Si bien la percibo tan cerca, no me quedo pensando en ella. Vivo mi vida entretenido, ocupado en los menesteres cotidianos, y de la parca sólo a veces me acuerdo.
Y eso que la tengo cerca.
Supongo que es lo normal.
Si así no fuera y persistiera en pensar en lo próxima que está, pues seguramente caería en depresión y se me dislocaría el futuro.
La vida y la muerte son las dos caras de la vida.
Eso lo sabe uno siempre, pero con la frialdad del intelecto, no existencialmente que es otra cosa porque implica el ánimo.
Cada día que pasa se acerca el fin, lo sé, pero no como si fuera un condenado a muerte que tiene fecha y hora prestablecidas.

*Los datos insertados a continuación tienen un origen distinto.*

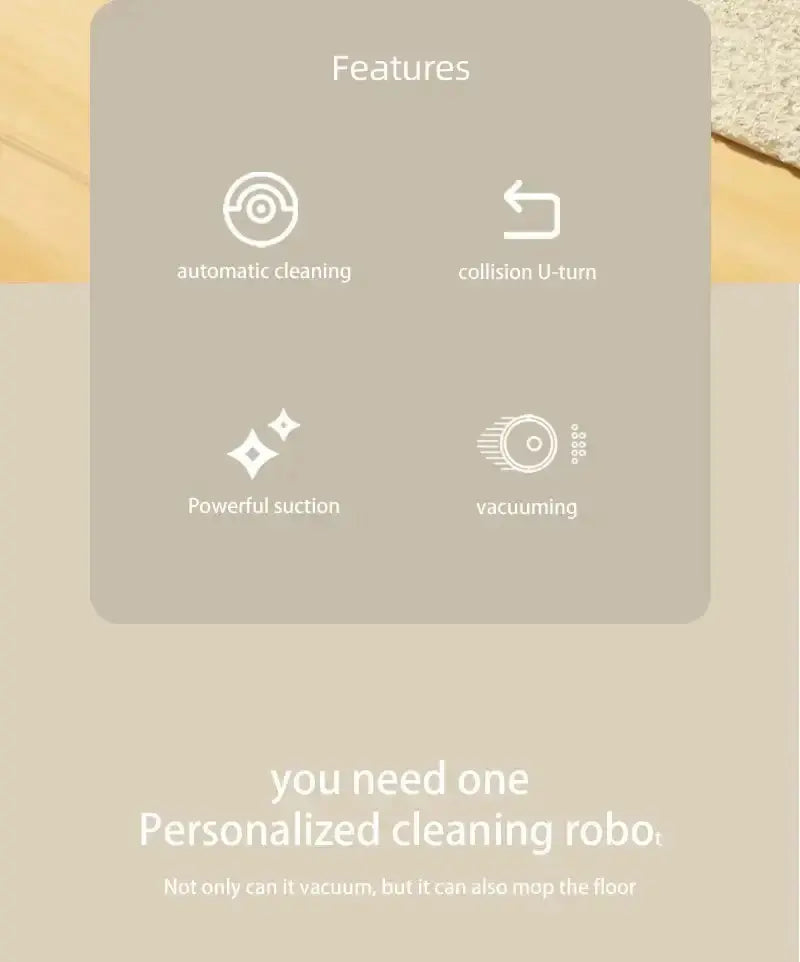 Aspirateur Robot Intelligent 3-en-1 Fully Automatic Sans Fil - Nettoyeur de Sol et Balayage pour un Usage Domestique, Mini Aspirateur Robot. Bantout.prod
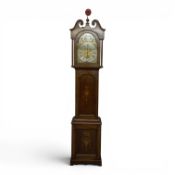 19th /20th century longcase grandfather clock, featuring swan-neck pediment, with intricate wooden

Y ahí, tal vez, radica el hecho de que me acerque cada día al fin, sin que por ello caiga en desesperación.
Y es que la vida misma se encarga de que la muerte sea un hecho normal entre nosotros los vivos, y más para los viejos a quienes nos queda poca vida por delante.
La situación de un condenado a muerte no es la misma por mucho que se parezca.
El no estar prefijados el día y la hora hace la diferencia.
Y algo que es determinante en la vida son los proyectos a futuro.
Ese entusiasmo, de cierta forma, prolonga la vida después de la muerte, especialmente si hay herederos que prosigan en el empeño.